Although iTutorGroup has turned into one of the largest online marketplaces of learning in the world, earning itself a $1 billion valuation along the way, the company can trace its roots back to the pre-internet age, when English tutoring was restricted to face-to-face interaction.
When CEO Eric Yang first got into the education sector in the early 1990s, he would create a list of characteristics for each English learner in order to personalize the material.
Taking his customization to the next level, Yang would go on to successfully launch an online English service in China in 2004, bringing his uniquely crafted lessons into the digital age.
Now iTutorGroup has close to 20,000 registered teachers and delivers online and interactive lessons using video and real-time writing exercises. In addition to English, students from across Japan and China can take courses in math, Mandarin and computer programing.
“The interesting thing about Japan is that our second-biggest market in the country after Tokyo is Hokkaido. I think a lot of people want to learn there because one of the main parts of the local economy is tourism,” Yang said during a recent interview at the company’s Tokyo office.
The firm launched vipabc, its English language learning platform, for the Japanese market in August 2016. The company’s Japanese investors, including Cyberagent Inc. and SBI Holdings Inc., played a role in its expansion to Japan — its first market outside China.
Japan was also an attractive market because of Yang’s personal connection to the country, having spent two years teaching at the University of Tokyo in the early 1990s after he earned his Ph.D. in chemistry in the United States.
The English language instructors at iTutor all possess teaching certifications and, according to Yang, its pricing remains more affordable than its brick and mortar competitors.

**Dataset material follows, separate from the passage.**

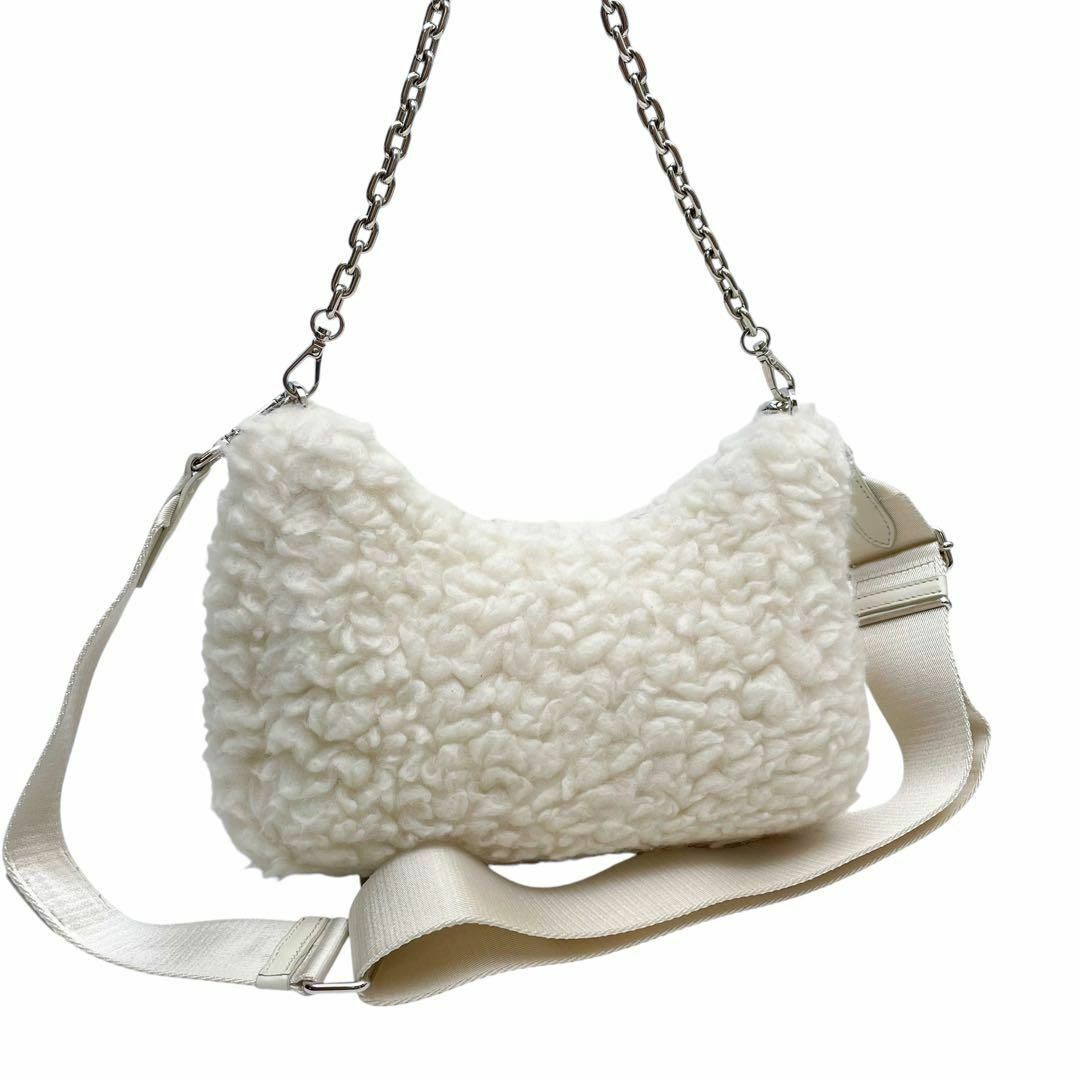 美品 プラダ ボア シアリング チェーン ショルダー ハンド バッグ 白 美品 プラダ ボア シアリング チェーン ショルダー ハンド バッグ 白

Yang said he sees a strong demand for online English education as more tourists flock here in the lead-up to the 2020 Tokyo Olympics.
And it’s no secret that many tourists struggle with the language barrier. According to a January 2017 survey conducted by Recruit Lifestyle Co., tourists most often cite the inability to communicate with locals as a negative aspect of their travels in Japan.
While many Japanese students spend over six years studying the language at school, the country still lags behind its Asian neighbors in English education.
The average score for Japanese nationals on the 2016 Test of English for International Communication (TOEIC) was lower than China, South Korea and Taiwan, according to the Educational Testing Service, the company that creates the test.
“Most Japanese people learn English in a linear fashion starting from chapter one and moving onward,” Yang said. Online learning, on the other hand, can be more easily customized to individual users.
Yang also noted that iTutorGroup was eyeing an expansion of its services to South Korea, and eventually other regions, including Latin America. He hopes to take the company public sometime around 2020.